Types of errors in Confusion Matrix:
Confusion matrices have two types of errors: Type I and Type II.
Type I Error - It is basically called as False Positive is called as Type I Error. It's the most dangerous kind of error as it means that our model has predicted or given the wrong answer but in a positive sense i.e. True. for example, in security domains, if this kind of error happens then if the security engineers will rely on the ML model's predicted data which won't be accurate 100% then there will be a chance of getting the systems to be cracked or hacked by the intruders as false positive means that our model has given the wrong answer but in a positive sense which means our model will not notify the security engineers about the 20 or 30% intruders which have penetrated the organization's environment since the Machine Learning model is not 100 % accurate and the security engineers will not take a considerable action accordingly on time which may result in a huge loss to an organization.
Type II Error - False Negative is called a Type II Error. This error is so dangerous as it generally means that our model has given a wrong answer in a negative way i.e. false. But these kinds of error generally mean that the model has predicted about the passing students and it has predicted 50 students which have failed in the exam but in actual only 40 students have passed so the remaining 10 students will come under this kind of error or False Negative.
Crime Cases related to Confusion Matrix:
Vancouver is the most populated city in Canada. It is the most ethnically diverse city in Canada. Crime is one of the biggest and dominating problems in our society and its prevention is an important task. Even though Vancouver is known to be the safest city it is observed that vehicle break-ins and many more thefts are still a problem. The dataset used is the Crime dataset of the city of Vancouver available on Kaggle. The dataset consists of crimes in Vancouver from 2003 to 2017 which consists of 530,652. It consists of features like type, year, month, day, hour, location, latitude, longitude, and many more.
> Data Preprocessing:
Initially, the data is preprocessed by removing all null values and removing all columns that are unnecessary.
The proposed work is divided into 4 parts:
1. Data preprocessing: After data cleaning, we will use some preprocessing techniques for numerical and categorical data like normalization and one hot encoding. Model sampling for train and split:
? Training dataset consists of 70% or 80% of data
? Testing dataset consists of 30% or 20% data
2. Data Analysis: Data analysis was done to understand the dataset and problems we are actually having the number of incidents that have happened previously based on the type of crime.
3. Data Modelling: In this part, various classification model’s comparison is done to understand which model works best for our crime prediction. One approach used to implement crime prediction is, Categorical Variables are encoded and then used for training in the model. Crime type is our output (target). Since we are going to classify types of crimes, we are going to implement the following machine learning models.

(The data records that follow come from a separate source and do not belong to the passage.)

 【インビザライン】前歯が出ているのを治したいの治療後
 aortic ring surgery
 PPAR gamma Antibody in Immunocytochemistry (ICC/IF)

1. K-Nearest Neighbor: This is one of the simplest model, its purpose is to use a database in which the data points are separated into several classes to predict the classification of a new sample point.

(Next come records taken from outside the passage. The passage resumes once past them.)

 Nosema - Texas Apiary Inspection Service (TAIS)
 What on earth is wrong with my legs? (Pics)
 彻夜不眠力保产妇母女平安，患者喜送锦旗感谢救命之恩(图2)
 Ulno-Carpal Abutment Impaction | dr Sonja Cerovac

2. Logistic Regression: Logistic regression is one of the regression models where the variables dependent are either binary is categorical. It cannot handle continuous data.
3. Decision Trees: Decision trees is a tree-shaped graph that includes outcomes, utilities that helps in making a decision. Implementation under construction.
4. TensorFlow classification: In Fully connected neural network models, 4 Dense layers are with a number of neurons (64,32,16,10) the last layer is the output layer. Optimizer used here is adam and activation function used are relu.
5. Bayesian Methods: The implementation is based on the Naive Bayes algorithm which constructs models as classifiers and is represented as vectors of all values of features.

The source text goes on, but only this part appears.